5. The method of claim 4, wherein the step of entering the Chinese conference vocabulary into a BERT pre-training model and outputting a BERT word vector further comprises:

and (3) inputting the BERT word vector to a full connection layer, outputting the BERT word vector after dimension reduction, wherein each node of the full connection layer is connected with all nodes of the previous layer for integrating the characteristics extracted in the early stage and reserving useful information, so that the BERT word vector is changed from high dimension to low dimension, and the model training speed can be accelerated.

6. The method of claim 1, wherein the step of generating conversation activity labels per sentence for the original chinese conference data using a two-way long-short term memory network and attention mechanism comprises:

coding is carried out by utilizing a bidirectional long-short term memory network, the Chinese conference data is input in a sentence sequence format to obtain a forward hidden state and a backward hidden state, the forward hidden state and the backward hidden state are connected to obtain a final hidden state, and the final hidden state is output as a coding result of original conference data;

calculating the dialogue action weight by using a Sigmoid activation function and a weight matrix of a feedforward neural network;

computing a dialog behavior context vector using the final hidden state and the dialog behavior weight;

and calculating to obtain the conversation behavior label of each sentence by using the conversation behavior context vector and the final hidden state.

7. The method according to claim 1, wherein the step of training the preset hierarchical conference abstract model by using the training sample set composed of the BERT word vectors and the dialogue behavior labels comprises:

inputting the BERT word vector into a word-level converter to obtain a coding result of each character;

splicing the coding result of each character output by the word-level converter with the conversation behavior label of each sentence of the original Chinese conference data, and inputting the splicing result to the wheel-level converter to obtain the coding result of the wheel-level converter;

inputting the encoding result output by the wheel-level converter into a decoder, outputting an output sequence in each step of a decoding stage, repeating the process until a special termination symbol is reached, and finally outputting a real number vector by the decoder;

and performing linear transformation and Softmax function processing on the real number vector output by the decoder to generate a final conference summary.
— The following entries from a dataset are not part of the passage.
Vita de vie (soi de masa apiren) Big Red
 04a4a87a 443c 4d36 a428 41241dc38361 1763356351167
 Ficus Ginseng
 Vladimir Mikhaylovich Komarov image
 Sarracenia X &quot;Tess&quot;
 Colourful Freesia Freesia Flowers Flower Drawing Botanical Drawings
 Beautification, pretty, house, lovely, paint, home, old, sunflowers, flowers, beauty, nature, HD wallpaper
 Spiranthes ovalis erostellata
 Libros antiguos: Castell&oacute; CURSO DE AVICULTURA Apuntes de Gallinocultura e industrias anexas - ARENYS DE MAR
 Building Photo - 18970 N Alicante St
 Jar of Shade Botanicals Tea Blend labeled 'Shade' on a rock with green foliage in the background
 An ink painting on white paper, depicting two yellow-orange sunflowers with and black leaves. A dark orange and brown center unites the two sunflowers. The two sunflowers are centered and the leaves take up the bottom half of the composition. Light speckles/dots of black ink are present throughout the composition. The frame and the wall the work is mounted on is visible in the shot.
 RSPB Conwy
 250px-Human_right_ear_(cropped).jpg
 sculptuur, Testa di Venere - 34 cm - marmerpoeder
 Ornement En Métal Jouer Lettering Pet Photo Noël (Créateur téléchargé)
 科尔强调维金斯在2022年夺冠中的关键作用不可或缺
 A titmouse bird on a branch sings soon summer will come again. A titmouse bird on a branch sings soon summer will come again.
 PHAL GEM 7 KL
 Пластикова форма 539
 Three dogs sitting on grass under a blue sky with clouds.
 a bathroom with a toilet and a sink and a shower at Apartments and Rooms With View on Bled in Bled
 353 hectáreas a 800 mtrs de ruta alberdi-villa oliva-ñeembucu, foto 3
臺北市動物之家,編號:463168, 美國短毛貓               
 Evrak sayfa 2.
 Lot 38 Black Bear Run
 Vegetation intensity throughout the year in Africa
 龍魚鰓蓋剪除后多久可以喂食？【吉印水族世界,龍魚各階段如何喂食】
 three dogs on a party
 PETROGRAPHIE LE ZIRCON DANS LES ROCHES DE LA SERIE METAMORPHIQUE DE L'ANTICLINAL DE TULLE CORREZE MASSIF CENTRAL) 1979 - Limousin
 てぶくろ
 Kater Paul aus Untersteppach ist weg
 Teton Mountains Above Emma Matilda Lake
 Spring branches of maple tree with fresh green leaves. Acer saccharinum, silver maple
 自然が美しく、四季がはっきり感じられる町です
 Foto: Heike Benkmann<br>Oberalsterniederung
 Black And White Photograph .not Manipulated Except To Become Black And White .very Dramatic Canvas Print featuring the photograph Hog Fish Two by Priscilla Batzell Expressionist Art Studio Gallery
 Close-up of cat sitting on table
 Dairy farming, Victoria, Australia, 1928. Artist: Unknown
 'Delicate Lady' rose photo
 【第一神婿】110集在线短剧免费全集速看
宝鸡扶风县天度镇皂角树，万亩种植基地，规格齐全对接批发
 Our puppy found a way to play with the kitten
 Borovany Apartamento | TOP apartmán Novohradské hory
8. A hierarchical conference abstract generation method oriented to conversation behavior optimization is characterized by comprising the following steps:

acquiring Chinese conference data, and generating a conversation behavior label of each sentence for the original Chinese conference data based on a bidirectional long-short term memory network and an attention mechanism;

inputting the dialog behavior labels and the trained BERT word vectors into the abstract generation model in the dialog behavior optimization-oriented hierarchical conference abstract generation model training method according to any one of claims 1 to 7 to output the hierarchical conference abstract.

9. A hierarchical conference summary generation apparatus optimized for conversational behaviour, comprising a processor and a memory, wherein the memory has stored therein computer instructions for executing the computer instructions stored in the memory, and wherein the apparatus implements the steps of the method as claimed in claim 8 when the computer instructions are executed by the processor.

10. A computer-readable storage medium, on which a computer program is stored which, when being executed by a processor, carries out the steps of the method according to any one of claims 1 to 8.